Older woman being comforted by a younger woman.

It’s common for family carers to experience their own health issues, ranging from more frequent colds and headaches to back problems and digestive issues.

The stress of being responsible for the well-being and safety of a loved one is another reality. It can trigger difficult emotions, including guilt, fear, and sadness.

Watching their health decline isn't easy when a person has been a pivotal part of your life. Not knowing what help they will need next or what tasks you may be required to perform can compound the stress.

Feeling guilty is common – you are not alone. When an adult child thinks they’ve made a mistake with an ageing parent’s care or missed an appointment, the shame can be overwhelming.

While they may recognise they can’t do it all alone, they often feel guilty about hiring a home care provider to help. They often believe they are duty-bound to find a way to handle all the care their parent needs.

A few more emotional struggles that family carers may grapple with include:

  • Resenting the time involved in caring for a parent, even if the feeling is fleeting
  • Feeling upset at having to give up time that may have been spent with close friends
  • Comparing themselves to other carers who seem to be “better” at it or have it all together
  • Experiencing anger toward the older person, even while knowing they can’t help being unwell

Finding healthy ways to manage carer guilt is important. Here are a few suggestions.

Managing Guilt When Caring for an Ageing Parent

Here are a few tips for managing the roller-coaster of difficult emotions family carers experience every day.

1.  Acknowledge your feelings

The first step is to admit how you are feeling. Acknowledge your emotions and give yourself permission to feel what you feel, whether it is fear, guilt, anger or sadness.

It’s okay to accept that you need to hire a professional carer because you are worn out and need a break.

Few family members can provide care for a loved one entirely on their own. While it may not entirely relieve those difficult emotions right away, it might help you begin to find peace.
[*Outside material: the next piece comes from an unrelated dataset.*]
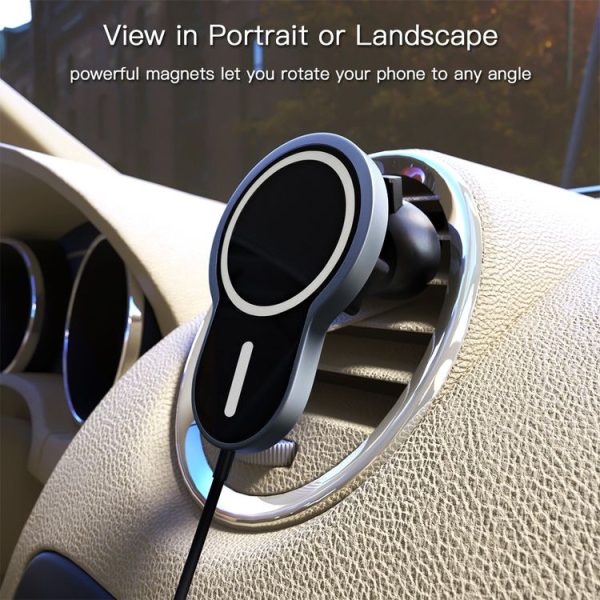 X6 Car Air Outlet Vent Mount Clamp Holder 15W Fast Charging Qi Magnetic Wireless Charger - Image 6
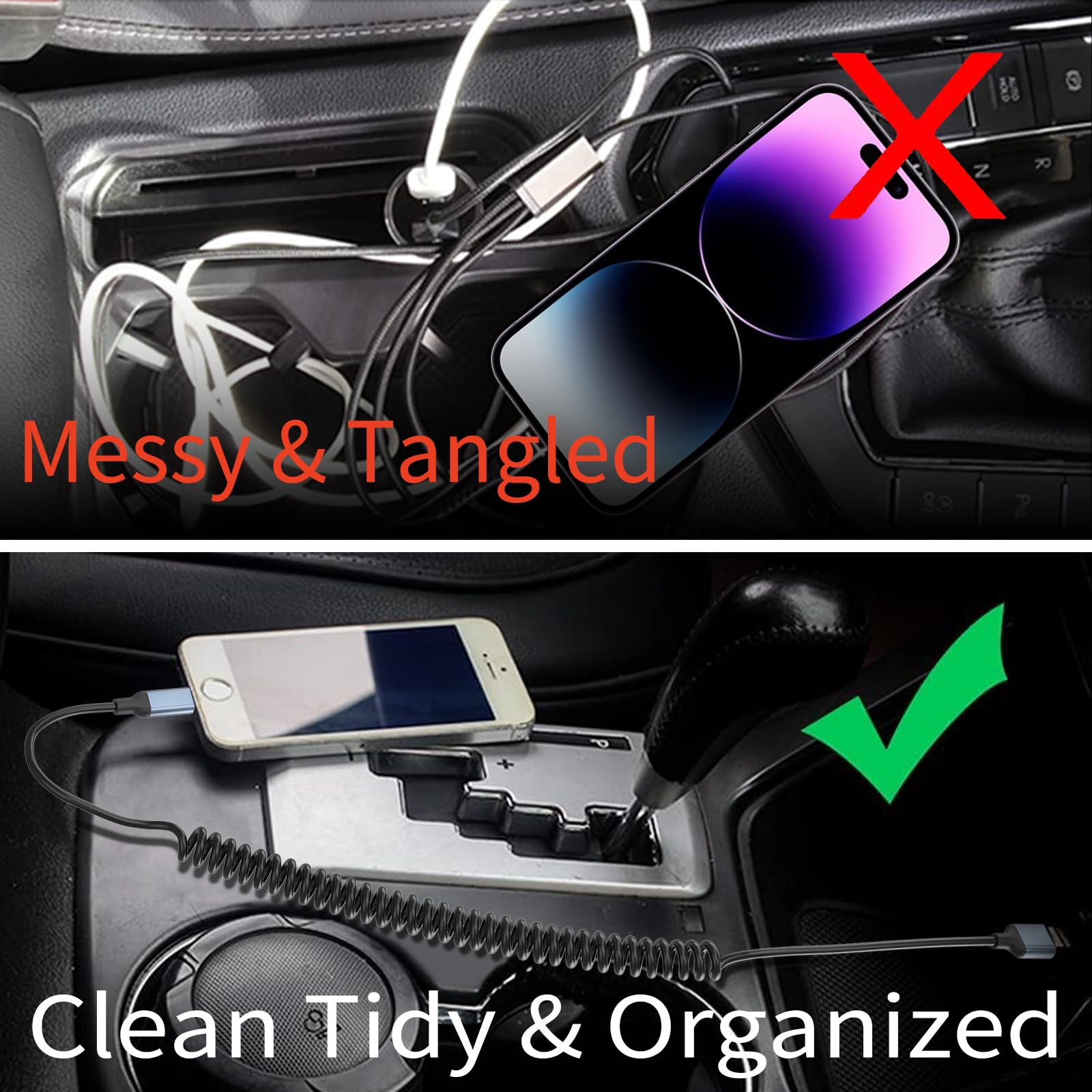 MFi Certified 2-Pack Retractable Coiled Lightning Cable for Car - 3FT USB to Lightning Charger Cord Compatible with iPhone 14/13/12/11/8/7/Plus/6S, iPad & iPod - Perfect for Apple CarPlay & Safe Driving Charging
2.  Believe it is for the best

Enlisting a home care team to supplement the support you provide to a parent is an ideal arrangement. You will have peace of mind knowing that professionals with experience in ageing are involved and monitoring the situation.

It also allows you and your loved one to maintain a more normal dynamic. Instead of trying to be the sole provider of health care to an ageing parent, you can spend your time together enjoying one another’s company.

3.  Join a carer support group

Carer support groups are another effective way to learn to manage difficult emotions. When you connect with fellow carers, you’ll quickly learn that what you are feeling is normal. Every carer experiences these emotions from time to time. Having that reinforced by peers can be liberating.

If you aren’t sure if it’s a good option for you or don’t know how to find one, Carer Gateway’s Community Forum might be a good place to start. It’s a safe, anonymous resource for family carers to explore.